**REQUIREMENT**
For the listing that follows, give again exactly the lines from the one with "Talisman Akbars - Kitten" to the one with "Junge Hirsche in", including both.

**MATERIAL FOR THE TASK**
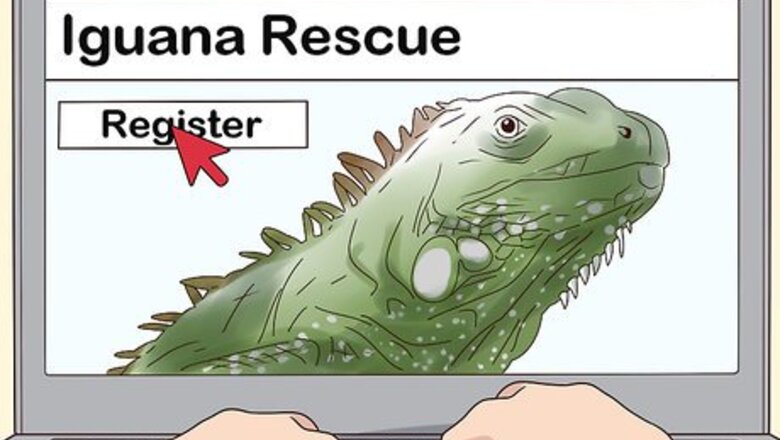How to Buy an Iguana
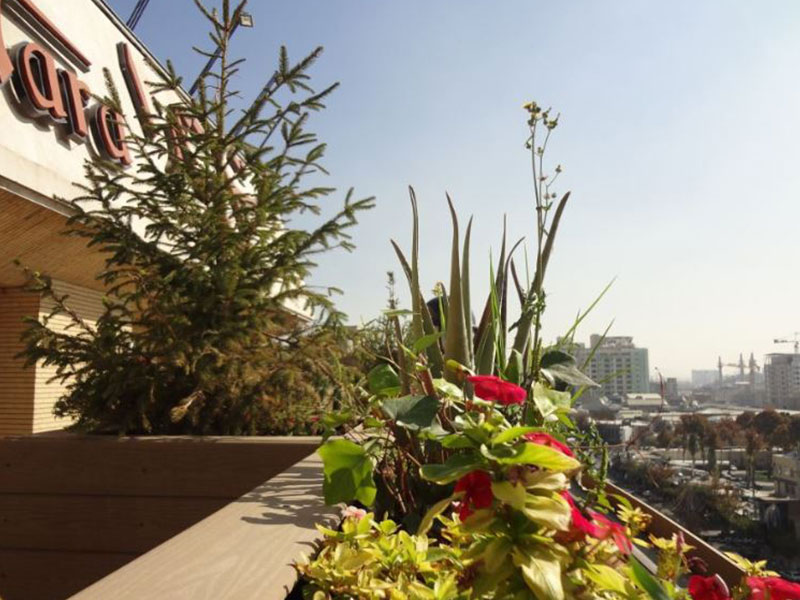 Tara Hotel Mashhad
* * *
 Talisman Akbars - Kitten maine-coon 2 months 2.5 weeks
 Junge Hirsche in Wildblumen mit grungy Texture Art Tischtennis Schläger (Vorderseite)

**SOLUTION**
 Talisman Akbars - Kitten maine-coon 2 months 2.5 weeks
 Junge Hirsche in Wildblumen mit grungy Texture Art Tischtennis Schläger (Vorderseite)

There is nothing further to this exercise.